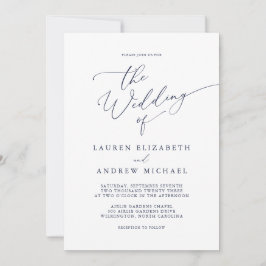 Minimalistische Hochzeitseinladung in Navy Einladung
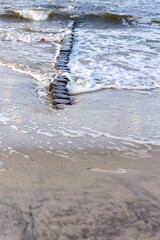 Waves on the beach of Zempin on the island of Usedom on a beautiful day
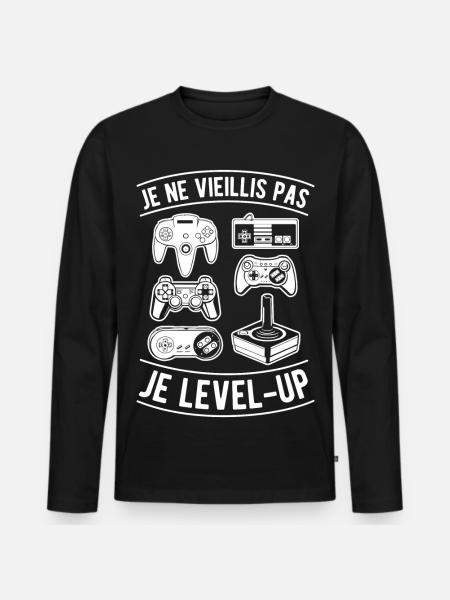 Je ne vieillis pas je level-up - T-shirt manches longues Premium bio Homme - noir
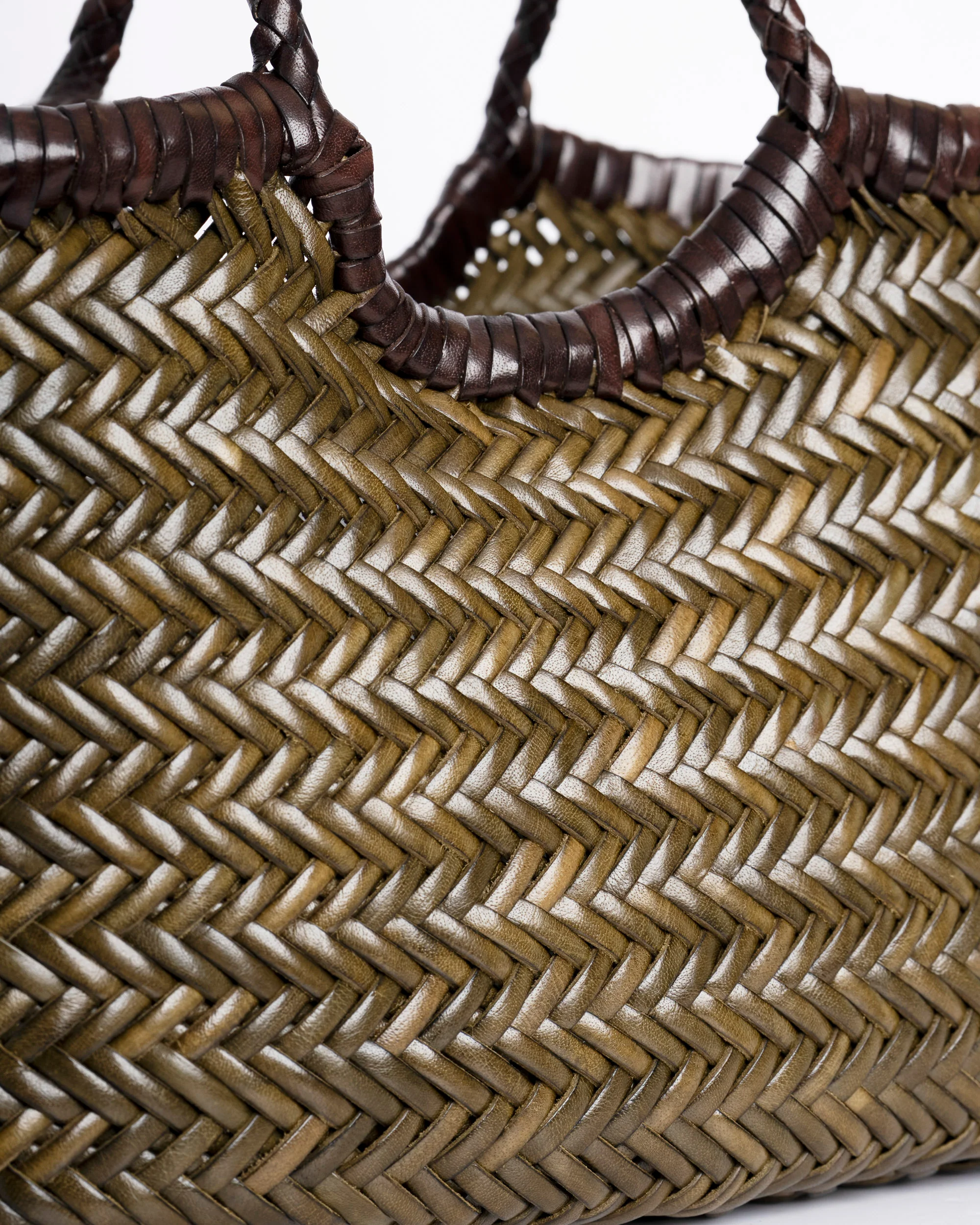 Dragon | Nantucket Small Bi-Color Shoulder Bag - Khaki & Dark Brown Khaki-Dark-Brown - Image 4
--
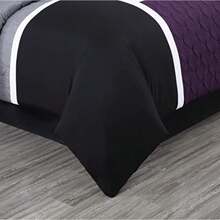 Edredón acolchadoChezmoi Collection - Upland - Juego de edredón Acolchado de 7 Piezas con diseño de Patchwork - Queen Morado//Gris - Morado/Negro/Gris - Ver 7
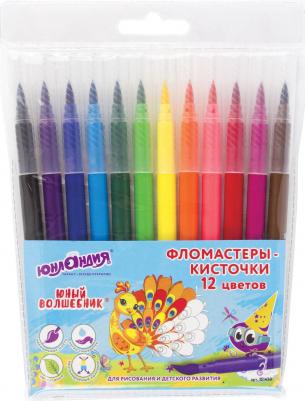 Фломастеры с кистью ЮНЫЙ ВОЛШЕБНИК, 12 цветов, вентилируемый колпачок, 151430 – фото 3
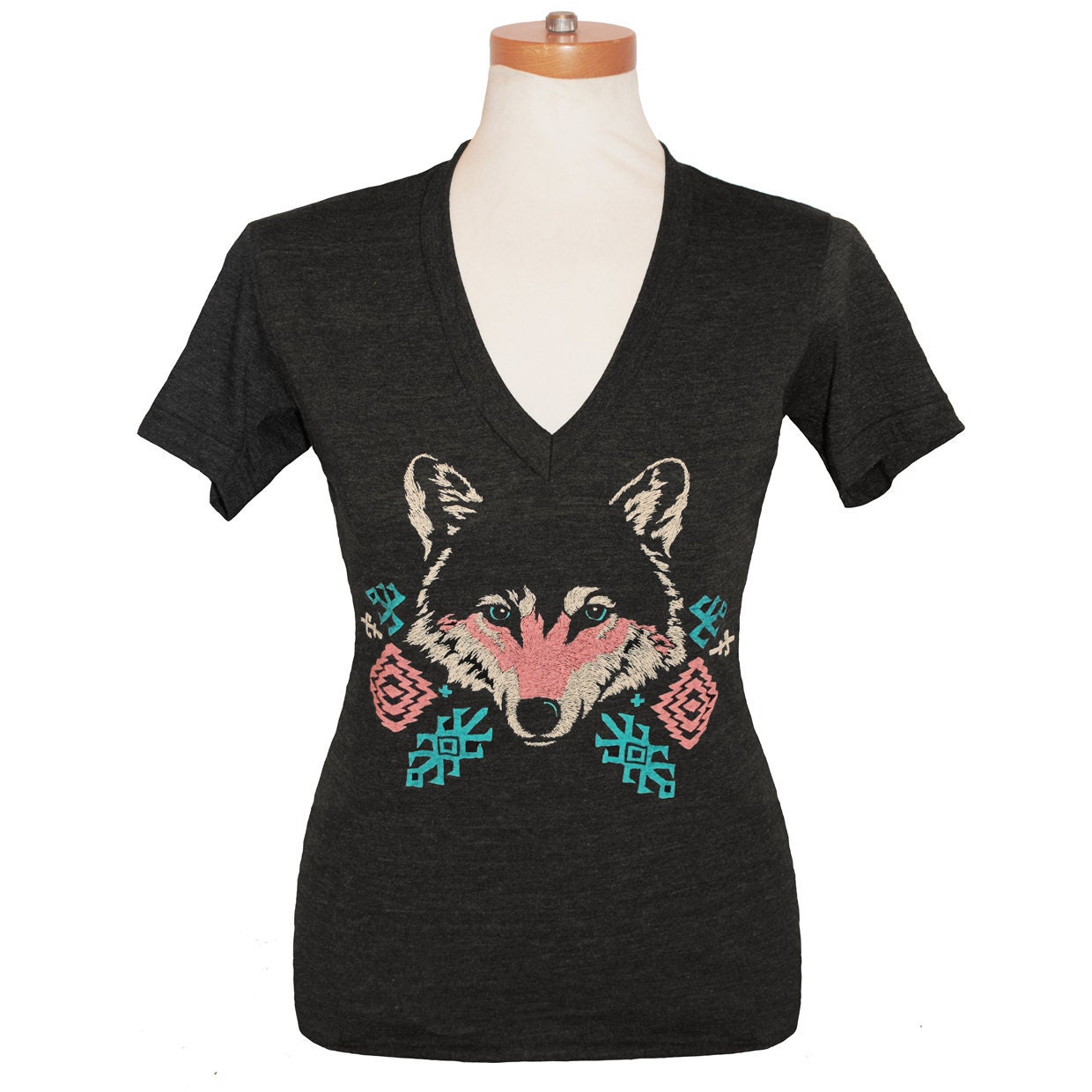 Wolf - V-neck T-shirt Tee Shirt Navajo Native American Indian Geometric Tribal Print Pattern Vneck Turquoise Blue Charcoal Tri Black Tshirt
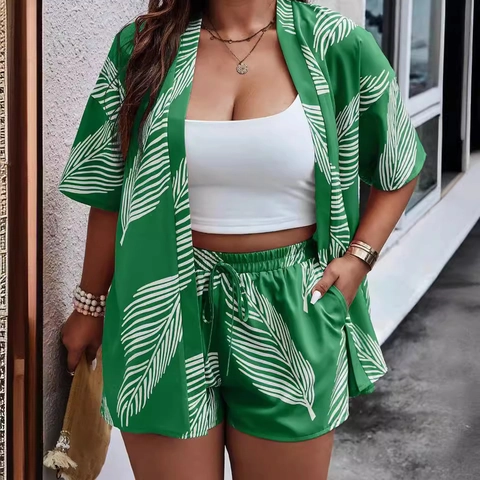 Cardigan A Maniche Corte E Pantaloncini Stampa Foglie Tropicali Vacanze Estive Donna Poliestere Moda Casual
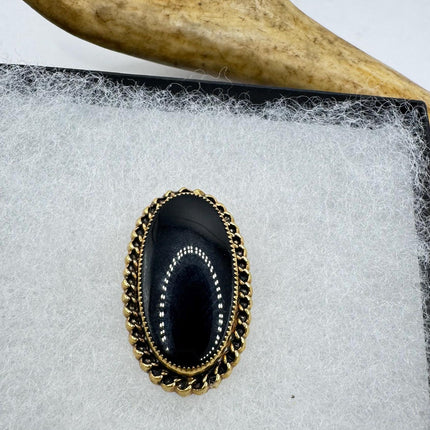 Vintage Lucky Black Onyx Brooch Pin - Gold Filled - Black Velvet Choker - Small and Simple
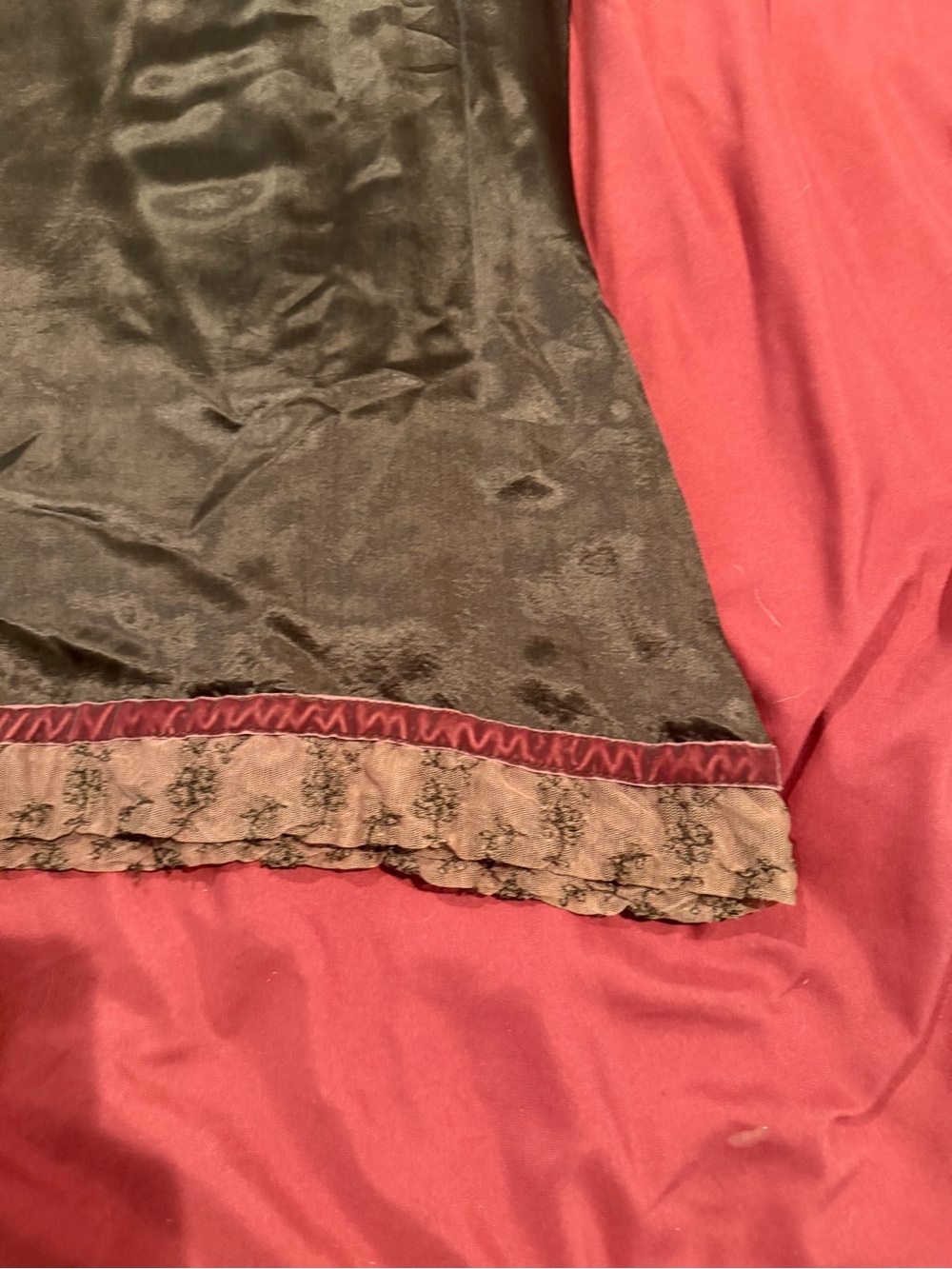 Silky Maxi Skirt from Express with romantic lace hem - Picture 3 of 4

# Exercise brief
Transcribe only the lines above that start at the line containing "Wolf - V-neck" and end at the line containing "Silky Maxi Skirt". Omit pictures.

# Output
 Wolf - V-neck T-shirt Tee Shirt Navajo Native American Indian Geometric Tribal Print Pattern Vneck Turquoise Blue Charcoal Tri Black Tshirt
 Cardigan A Maniche Corte E Pantaloncini Stampa Foglie Tropicali Vacanze Estive Donna Poliestere Moda Casual
 Vintage Lucky Black Onyx Brooch Pin - Gold Filled - Black Velvet Choker - Small and Simple
 Silky Maxi Skirt from Express with romantic lace hem - Picture 3 of 4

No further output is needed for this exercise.